__Exercise details__: Leave out the pictures and retype exactly the lines from the line with "La trahison en" through the end of the listing below.

============

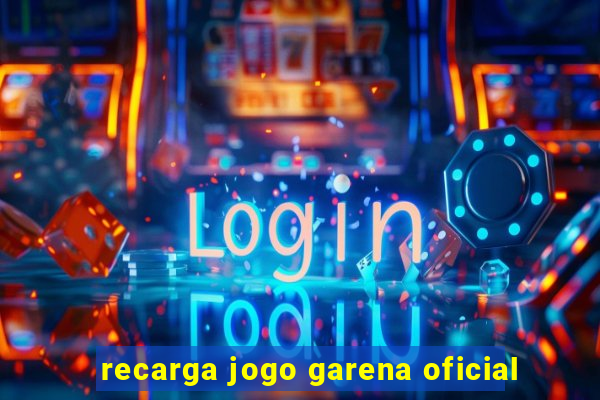 recarga jogo garena oficial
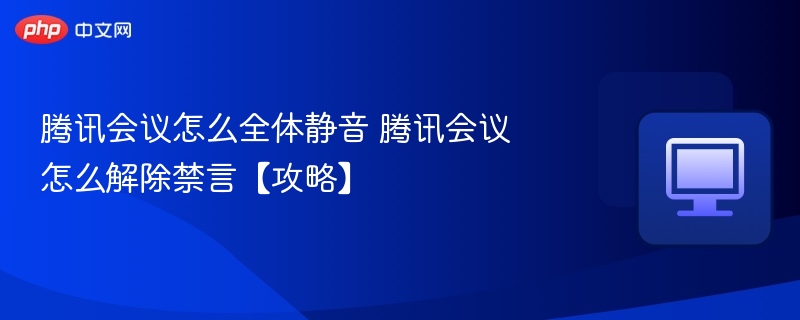 腾讯会议怎么全体静音 腾讯会议怎么解除禁言【攻略】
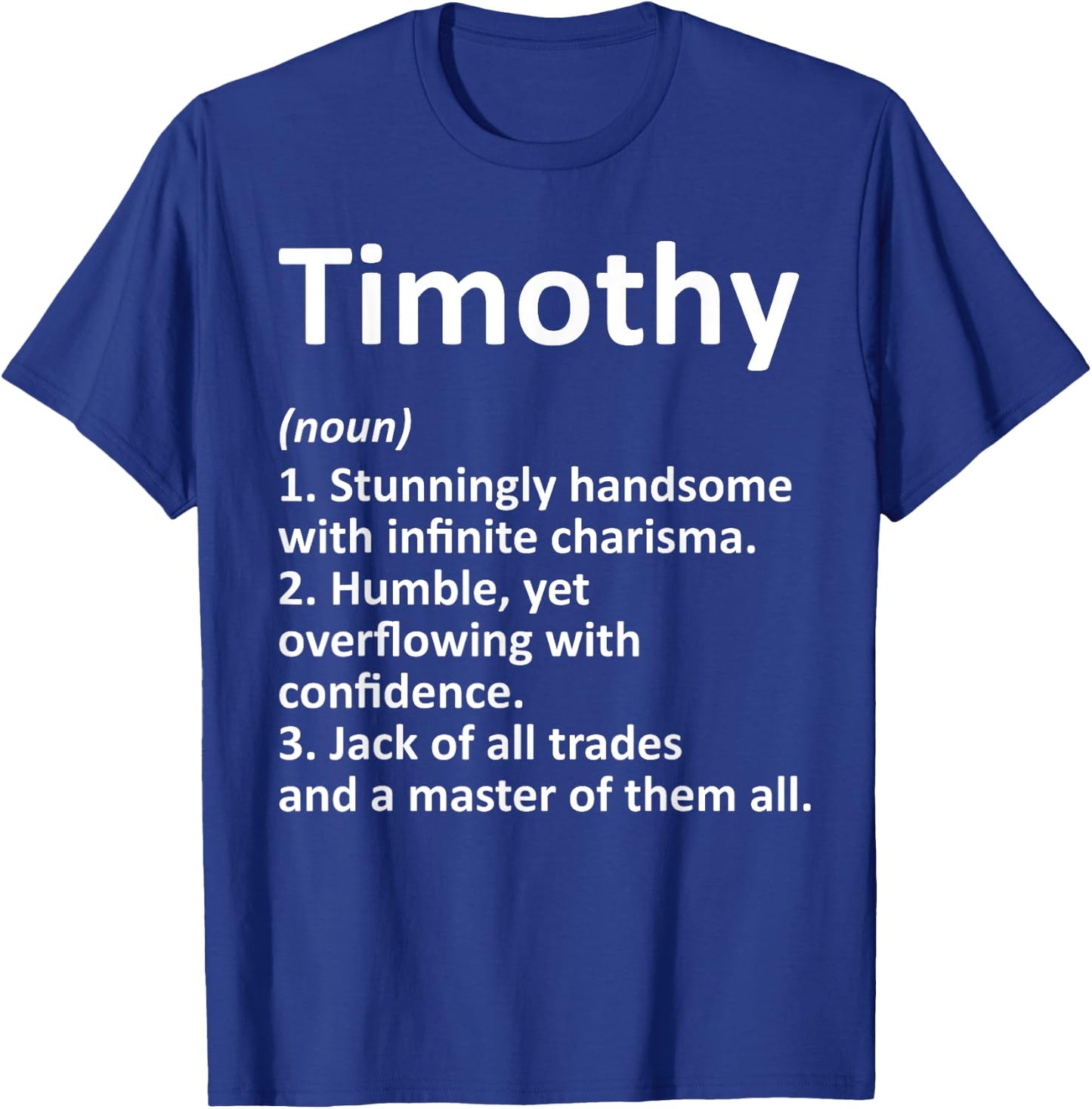 TIMOTHY Definition Personalized Name Funny Birthday Gift T-Shirt - T-Shirt | Royal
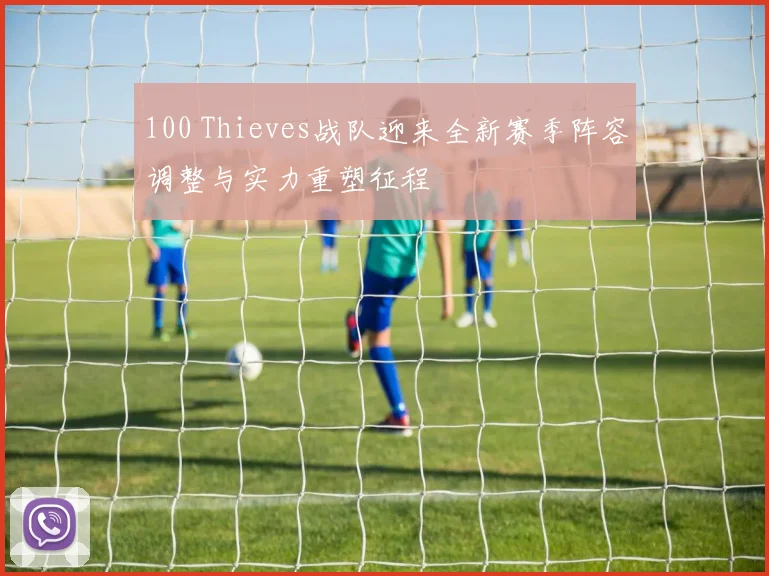 100 Thieves战队迎来全新赛季阵容调整与实力重塑征程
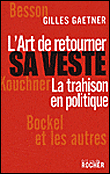 La trahison en politique&nbsp;-&nbsp;Gilles Gaetner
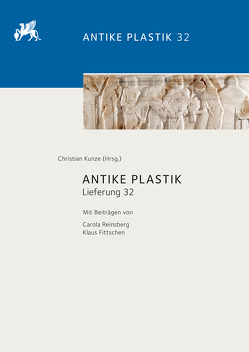 Antike Plastik von Fittschen,  Klaus, Kunze,  Christian, Reinsberg,  Carola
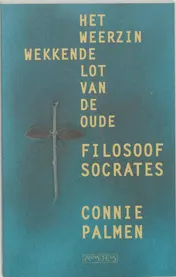 Omslag van Het weerzinwekkende lot van de oude filosoof Socrates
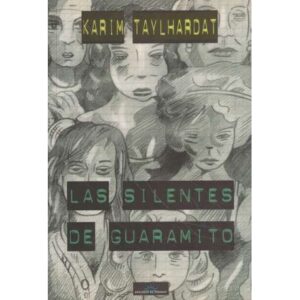 Las silentes de Guaramito
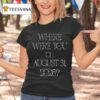 Where Were You On August T Shirt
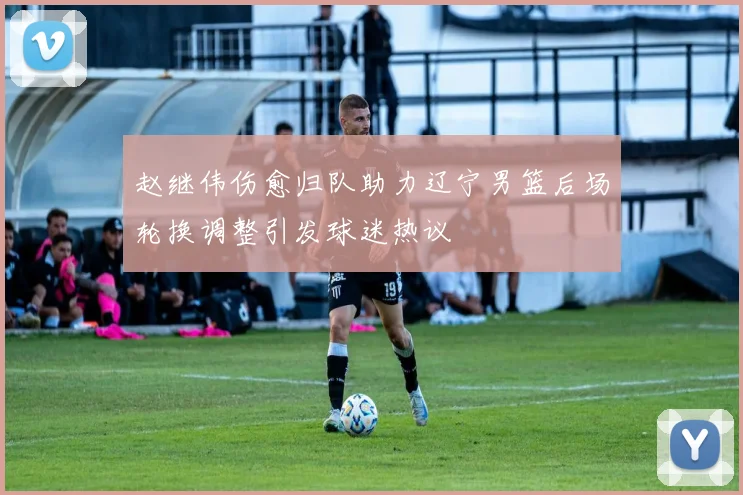 赵继伟伤愈归队助力辽宁男篮后场轮换调整引发球迷热议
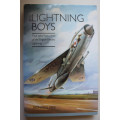 The Lightning Boys, True Tales from Pilots of the English Electric Lightning by Richard Pike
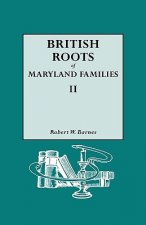 British Roots of Maryland Families II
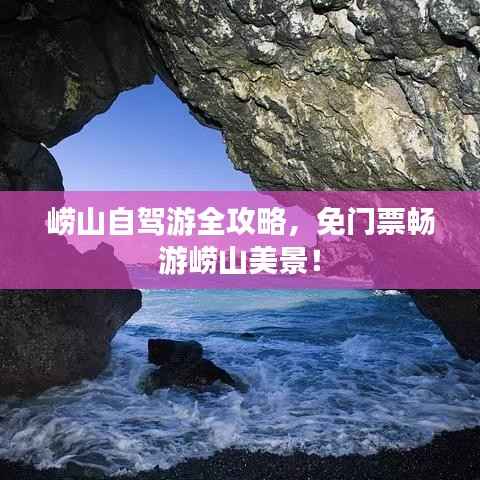 崂山自驾游全攻略,免门票畅游崂山美景!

============

__Solution for this task__:
 La trahison en politique&nbsp;-&nbsp;Gilles Gaetner
 Antike Plastik von Fittschen,  Klaus, Kunze,  Christian, Reinsberg,  Carola
 Omslag van Het weerzinwekkende lot van de oude filosoof Socrates
 Las silentes de Guaramito
 Where Were You On August T Shirt
 赵继伟伤愈归队助力辽宁男篮后场轮换调整引发球迷热议
 The Lightning Boys, True Tales from Pilots of the English Electric Lightning by Richard Pike
 British Roots of Maryland Families II
 崂山自驾游全攻略,免门票畅游崂山美景!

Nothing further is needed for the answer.